< mvidell.se

cmpfiles

Compares the set of files in DIR1 and DIR2 (by hashing) while ignoring the directory structure.

I have a lot of old files and weird old copies that sometimes have similar files but in slightly different file tree structures. As I wanted to remove the duplicate files I wanted to make sure that the files actually were duplicates and were safe to delete.

$ tree
.
├── dir1
│   ├── a.txt
│   ├── b.txt
│   └── c.txt
└── dir2
    ├── dir3
    │   └── c.txt
    └── dir4
        ├── a.txt
        └── b.txt

5 directories, 6 files

The above examples shows that two different directories with different file tree structures. Comparing manually whether it is safe to delete dir2 (i.e if all files in dir1 is in dir2 and vice versa) can be time consuming. cmpfiles recursively traverses the file tree, hashes all files, and then compares whether the tree produced the same hashes by sorting the list of hashes.

$ cmpfiles dir1/ dir2/
'dir1/c.txt' does not exist in 'dir2'

'dir2/dir3/c.txt' does not exist in 'dir1'

'dir1/a.txt' <=> 'dir2/dir4/a.txt'
'dir1/b.txt' <=> 'dir2/dir4/b.txt'

In this example cmpfiles tells us that dir1/c.txt and dir2/dir3/c.txt are not found in the other directory (because they have different hashes) and we know that we should not remove these files before investigating this discrepancy. One file could be an older version of the other file.

Help

Usage: cmpfiles [OPTION]... DIR1 DIR2
Compares the files in DIR1 to the files in DIR2

Compares the files (but not the file structure) by hashing each file in DIR1
and in DIR2, and then comparing them. It does not dereference symbolic links.

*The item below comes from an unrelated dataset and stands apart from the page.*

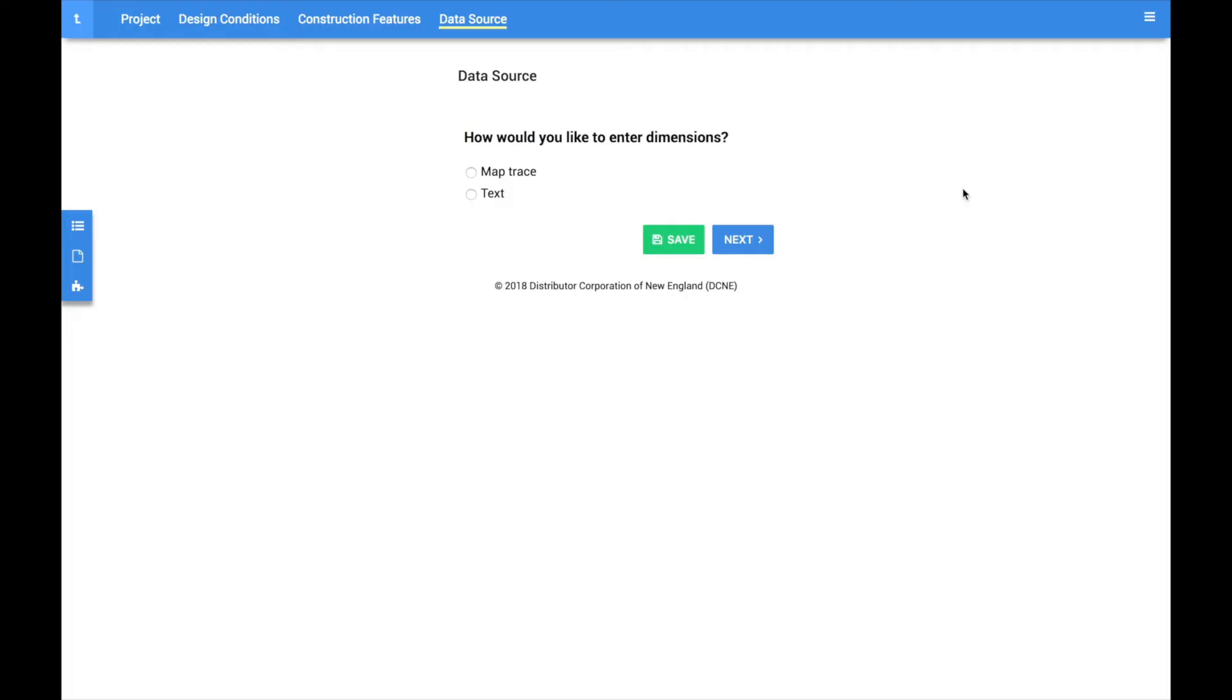In this video, we are going to demonstrate how to use the Text Editor feature found in CoolCalc 2.0.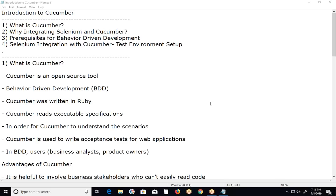Welcome to GC Ready Technologies. Introduction to Cucumber. In this video, I am going to explain four topics: What is Cucumber? Why integrating Selenium and Cucumber? Prerequisites for behavior driven development using Cucumber and Selenium. And fourth, Selenium integration with Cucumber — test environment setup.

With no options, it produces output in three sections. The first section contains
the files that are in DIR1 and not in DIR2. The second section contains the
files that are in DIR2 and not in DIR1. The third section contains the files
that are in both DIR1 and DIR2.

If the program encounters duplicate files inside DIR1 (or inside DIR2) it
ignores these and outputs warnings to stderr.

  -1     Suppress first section  (files in DIR1 but not in DIR2)
  -2     Suppress second section (files in DIR2 but not in DIR1)
  -3     Suppress third section  (files in both DIR1 and DIR2)

  --md5          Use MD5 as hash function instead of SHA256
  -h, --help     Display this help and exit

Examples:
  cmpfiles -12 dir1 dir2  Print only files in both dir1 and dir2.
  cmpfiles -3  dir1 dir2  Print files in dir1 and not in dir2, and vice versa.

Somewhat inspired by comm(1).

The code for the project can be downloaded with git clone https://mvidell.se/cmpfiles.git .